Monday 27 May 2013

25/5/13 - a response to the EDL march in Newcastle

I’m not offended by the fact that others
aren’t the same as me:
how the fuck could I be?
Regularly

the only one in the room:
can’t recall if Toni Morrison or Maya Angelou
advises not to be that, but I never had a choice.
Grew up always knowing I’d not be one of the boys,
never certain of unqualified acceptance as a girl:
there are days I feel as if it isn’t just rooms but the world
that there’s no-one else like me in,
and I don’t mean I’m unique,
I don’t mean I’m artisan, handmade, bespoke, boutique,
I mean the world feels like a funfair
where I’m wheeled in as the freak,
accepted as a turn because I learned to entertain you,
a lust-object to chasers who say girls like me are ‘angels’
when they don’t care for our halos
but the things between our legs,
cause when a chick has dick plus tits who gives
a shit about her intellect? Now,

if I can deal with this day after day, night after night,
why are you so angry that some people just...aren’t
white?
Because that’s what it’s about: don’t try
to hide behind religion, don’t say
you’re not racist, that you just object to Islam,
because if that’s the case then why were your mates
casing the gurdwara?
Sikhs aren’t Muslims.
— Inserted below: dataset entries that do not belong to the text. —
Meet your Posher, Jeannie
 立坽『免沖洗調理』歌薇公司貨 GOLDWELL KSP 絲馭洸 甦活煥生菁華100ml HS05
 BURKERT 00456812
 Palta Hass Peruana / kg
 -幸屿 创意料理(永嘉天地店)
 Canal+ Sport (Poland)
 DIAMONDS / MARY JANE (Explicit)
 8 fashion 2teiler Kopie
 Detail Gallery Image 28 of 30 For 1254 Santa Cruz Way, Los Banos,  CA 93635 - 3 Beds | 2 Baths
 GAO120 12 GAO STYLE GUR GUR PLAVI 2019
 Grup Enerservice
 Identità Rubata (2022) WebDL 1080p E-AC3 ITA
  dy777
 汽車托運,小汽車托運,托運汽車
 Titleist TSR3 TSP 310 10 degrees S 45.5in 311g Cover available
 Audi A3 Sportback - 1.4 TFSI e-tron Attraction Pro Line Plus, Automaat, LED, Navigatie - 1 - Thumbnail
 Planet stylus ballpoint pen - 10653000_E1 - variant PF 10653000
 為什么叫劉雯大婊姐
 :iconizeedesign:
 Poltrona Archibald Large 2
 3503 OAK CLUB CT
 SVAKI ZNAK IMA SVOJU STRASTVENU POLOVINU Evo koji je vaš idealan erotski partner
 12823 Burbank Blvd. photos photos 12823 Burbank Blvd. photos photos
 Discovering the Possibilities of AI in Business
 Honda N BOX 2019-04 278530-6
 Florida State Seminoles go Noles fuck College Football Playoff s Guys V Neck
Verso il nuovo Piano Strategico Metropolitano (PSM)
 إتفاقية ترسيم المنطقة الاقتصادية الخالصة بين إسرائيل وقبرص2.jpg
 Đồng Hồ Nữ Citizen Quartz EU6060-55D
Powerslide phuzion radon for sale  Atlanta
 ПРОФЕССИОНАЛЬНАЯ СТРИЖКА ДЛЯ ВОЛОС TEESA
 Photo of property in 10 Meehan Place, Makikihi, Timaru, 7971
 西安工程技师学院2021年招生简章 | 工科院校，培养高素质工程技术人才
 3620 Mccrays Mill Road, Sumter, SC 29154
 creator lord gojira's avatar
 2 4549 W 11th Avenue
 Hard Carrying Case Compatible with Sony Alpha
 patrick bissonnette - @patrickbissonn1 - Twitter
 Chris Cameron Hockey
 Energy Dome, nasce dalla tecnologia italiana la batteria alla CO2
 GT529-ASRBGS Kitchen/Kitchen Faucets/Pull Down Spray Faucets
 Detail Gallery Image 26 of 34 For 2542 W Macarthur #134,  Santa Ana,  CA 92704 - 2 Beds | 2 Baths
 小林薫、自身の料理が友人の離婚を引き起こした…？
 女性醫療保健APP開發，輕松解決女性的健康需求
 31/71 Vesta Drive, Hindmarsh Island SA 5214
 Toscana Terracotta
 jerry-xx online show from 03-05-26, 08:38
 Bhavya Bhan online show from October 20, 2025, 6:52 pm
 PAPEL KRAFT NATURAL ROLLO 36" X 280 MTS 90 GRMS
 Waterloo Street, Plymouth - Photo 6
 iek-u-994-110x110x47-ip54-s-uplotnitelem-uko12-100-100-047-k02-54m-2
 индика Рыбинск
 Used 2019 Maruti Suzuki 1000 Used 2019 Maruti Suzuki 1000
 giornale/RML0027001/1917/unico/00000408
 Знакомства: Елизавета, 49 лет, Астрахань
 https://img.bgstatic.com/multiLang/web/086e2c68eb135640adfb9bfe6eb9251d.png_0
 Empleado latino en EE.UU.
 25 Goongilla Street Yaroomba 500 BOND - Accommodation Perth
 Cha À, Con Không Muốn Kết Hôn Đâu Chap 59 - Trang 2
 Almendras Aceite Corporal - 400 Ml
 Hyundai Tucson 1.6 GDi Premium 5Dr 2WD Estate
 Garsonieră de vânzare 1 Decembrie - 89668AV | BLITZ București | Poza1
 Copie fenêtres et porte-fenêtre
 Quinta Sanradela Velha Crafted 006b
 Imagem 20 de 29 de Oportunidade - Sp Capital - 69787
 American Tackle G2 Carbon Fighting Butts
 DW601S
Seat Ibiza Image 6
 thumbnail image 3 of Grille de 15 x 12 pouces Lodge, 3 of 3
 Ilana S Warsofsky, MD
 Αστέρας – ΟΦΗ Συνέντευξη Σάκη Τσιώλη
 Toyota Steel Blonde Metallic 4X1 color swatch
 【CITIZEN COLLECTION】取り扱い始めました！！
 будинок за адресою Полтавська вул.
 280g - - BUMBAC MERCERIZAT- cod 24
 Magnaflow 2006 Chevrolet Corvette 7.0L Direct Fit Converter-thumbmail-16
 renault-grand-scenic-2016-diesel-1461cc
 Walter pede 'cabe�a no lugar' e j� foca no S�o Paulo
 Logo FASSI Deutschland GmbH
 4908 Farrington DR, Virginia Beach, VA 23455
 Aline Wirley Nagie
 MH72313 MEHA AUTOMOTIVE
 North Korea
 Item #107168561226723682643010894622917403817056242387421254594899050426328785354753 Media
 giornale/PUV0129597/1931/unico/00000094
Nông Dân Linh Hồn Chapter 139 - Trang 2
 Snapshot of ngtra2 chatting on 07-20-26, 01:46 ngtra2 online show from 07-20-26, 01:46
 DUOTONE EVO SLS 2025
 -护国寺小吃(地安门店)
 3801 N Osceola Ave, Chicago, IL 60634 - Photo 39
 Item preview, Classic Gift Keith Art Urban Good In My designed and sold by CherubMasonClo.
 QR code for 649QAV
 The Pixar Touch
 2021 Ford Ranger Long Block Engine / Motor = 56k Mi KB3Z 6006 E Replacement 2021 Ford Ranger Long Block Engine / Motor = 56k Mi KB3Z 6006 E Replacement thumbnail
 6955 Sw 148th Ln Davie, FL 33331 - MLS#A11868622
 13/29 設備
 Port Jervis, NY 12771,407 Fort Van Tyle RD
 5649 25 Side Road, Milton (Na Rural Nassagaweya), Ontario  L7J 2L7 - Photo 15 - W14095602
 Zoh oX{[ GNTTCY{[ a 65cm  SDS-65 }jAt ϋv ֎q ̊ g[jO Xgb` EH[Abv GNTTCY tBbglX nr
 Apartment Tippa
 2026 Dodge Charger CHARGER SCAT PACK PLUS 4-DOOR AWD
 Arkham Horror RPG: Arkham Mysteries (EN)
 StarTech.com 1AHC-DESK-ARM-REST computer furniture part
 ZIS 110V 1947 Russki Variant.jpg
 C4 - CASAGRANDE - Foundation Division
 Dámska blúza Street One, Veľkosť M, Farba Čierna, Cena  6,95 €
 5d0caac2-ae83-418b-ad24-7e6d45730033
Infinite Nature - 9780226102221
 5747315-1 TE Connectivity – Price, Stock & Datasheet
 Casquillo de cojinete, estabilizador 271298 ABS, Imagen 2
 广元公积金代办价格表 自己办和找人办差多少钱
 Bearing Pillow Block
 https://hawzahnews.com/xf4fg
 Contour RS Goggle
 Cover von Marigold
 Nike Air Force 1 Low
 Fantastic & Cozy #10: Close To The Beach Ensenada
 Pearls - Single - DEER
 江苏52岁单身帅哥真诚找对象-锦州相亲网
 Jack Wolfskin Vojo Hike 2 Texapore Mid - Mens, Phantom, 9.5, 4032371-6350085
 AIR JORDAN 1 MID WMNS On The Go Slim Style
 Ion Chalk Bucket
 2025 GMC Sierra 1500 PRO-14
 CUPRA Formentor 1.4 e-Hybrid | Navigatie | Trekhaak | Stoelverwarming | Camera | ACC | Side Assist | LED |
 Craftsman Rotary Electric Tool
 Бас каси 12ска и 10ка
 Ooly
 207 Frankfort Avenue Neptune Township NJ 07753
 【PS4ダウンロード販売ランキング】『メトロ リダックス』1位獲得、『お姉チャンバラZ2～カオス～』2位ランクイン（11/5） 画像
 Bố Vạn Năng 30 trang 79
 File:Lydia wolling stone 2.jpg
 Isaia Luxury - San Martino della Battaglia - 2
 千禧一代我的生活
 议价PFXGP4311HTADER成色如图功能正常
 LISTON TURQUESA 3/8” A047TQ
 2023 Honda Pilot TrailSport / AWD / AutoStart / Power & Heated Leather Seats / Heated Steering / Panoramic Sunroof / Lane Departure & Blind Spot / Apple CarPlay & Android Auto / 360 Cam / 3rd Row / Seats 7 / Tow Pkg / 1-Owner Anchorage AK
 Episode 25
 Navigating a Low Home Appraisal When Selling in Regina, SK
This is basic.
You lot really should work harder
at learning to distinguish one brown person from another
but why try, when the one thing you’re
not blind to is their colour?

And just as you deny that you’ve selective colour vision,
you lie and claim you even have an LGBT division,
when nothing else backs those initials
but your cynicism:
I missed the running battle
when you gathered in Newcastle,
because I was lying back on
a couch, wearing blackened tanning
goggles, having IPL
(intensed pulsed light beams) fired at my face
and, yes, it hurts like hell,
but doesn’t feel like the disgrace
I felt when I had to cross the street
to get away from you
the way I’d hang out in the library
when I was back at school
because I knew you owned the yard
but didn’t own the future:
sure, you were nasty, you were hard,
and I was just a loser
who wanted to be Kitty Pryde
instead of Wolverine,
but I was going somewhere.
Never told you about my dream
because I knew that boys like you interpret
difference as a weakness:
I kept it close, I kept it secret,
but I knew that I’d achieve this.

Still I crossed the street when you pitched up
mob-handed in my city,
munching on free fry-ups
from the welcoming committee
at a bar which I won’t name
(but which pretends it’s Gotham, shittily).
You were drinking, cussing, bussed-in
from as far away as Brighton,
all just here for a ruck, it wasn’t just me
that was frightened.
On the bus back home apologists insisted
you were peaceful:
but you didn’t look calm, plotted up
down there by the cathedral,
and you didn’t look zen, shirtless,
shouting, on the evening news:
though that’s not surprising. Half-ten
and already on the booze,
and you claim that you’re defending
all that’s good in our society?
Just what is it you’re protesting
against – sobriety?

There’s nothing you can ever say that’ll enlighten me
because you live in the dark ages,
even dress up as crusaders,
burn Korans while never understanding
what’s between their pages,
the quotes you use selected
to prove it’s twisted –
but I bet that you eat shellfish
and still claim to be a Christian
(Leviticus 11:10 forbids that – why not check it?).
You won’t prove that you know the truth
by  sampling riffs from holy books,
but they say we’ll know you by your fruits

and what you bear is rotten
before it’s even off the tree.
Maybe you’ve forgotten
the story about Muhammad Ali
when he refused the draft?
What he said to reporters,
whenever they would ask
why he wouldn’t go to Vietnam,
swap gloves for trigger fingers,
was that no-one in the Viet Cong
had ever called him ‘nigger’.
You’d probably deny it,
but I think it’s pretty classy,
and that’s why I’ll never march beside you:

because no Muslim called me ‘tranny’.